Gradient Methods with Online Scaling Part II. Practical Aspects

📅 2025-09-13

📈 Citations: 0

✨ Influential: 0

career value

197K/year

🤖 AI Summary

Adaptive first-order optimization methods face challenges in balancing theoretical rigor with practical efficiency, particularly in non-convex settings where convergence guarantees and computational scalability remain limited. Method: This paper proposes the Online Scaled Gradient Method (OSGM) framework, integrating dynamic step-size mechanisms from online convex optimization into gradient updates. The resulting algorithm, OSGM-Best, employs a gradient-dependent online scaling strategy for adaptive learning rate selection. Contribution/Results: OSGM-Best achieves low memory overhead and reduced per-iteration cost while establishing, for the first time, convergence guarantees for OSGM in non-convex optimization—thereby bridging theoretical gaps between adaptive gradient methods and quasi-Newton approaches. Experiments on multiple non-convex benchmarks show that OSGM-Best matches the convergence speed of quasi-Newton methods without requiring Hessian approximations or second-order information, offering lower computational complexity and superior scalability. This work provides both a novel theoretical perspective and a practical paradigm for adaptive optimization.

Technology Category

Application Category

📝 Abstract

Part I of this work [Gao25] establishes online scaled gradient methods (OSGM), a framework that utilizes online convex optimization to adapt stepsizes in gradient methods. This paper focuses on the practical aspects of OSGM. We leverage the OSGM framework to design new adaptive first-order methods and provide insights into their empirical behavior. The resulting method, OSGM-Best, matches the performance of quasi-Newton variants while requiring less memory and cheaper iterations.

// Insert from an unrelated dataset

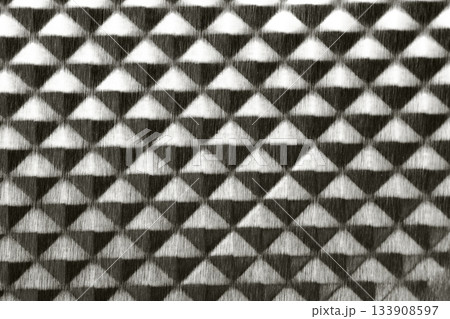 Tripartite brushed steel dark grey metal texture. pyramid geometric shape background color of 2026 year cloud white 133908597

We also extend OSGM to nonconvex optimization and outline directions that connect OSGM to existing branches of optimization theory and practice.

Problem

Research questions and friction points this paper is trying to address.

Designing practical adaptive gradient methods with online scaling

Extending OSGM framework to nonconvex optimization problems

Developing memory-efficient methods matching quasi-Newton performance

Innovation

Methods, ideas, or system contributions that make the work stand out.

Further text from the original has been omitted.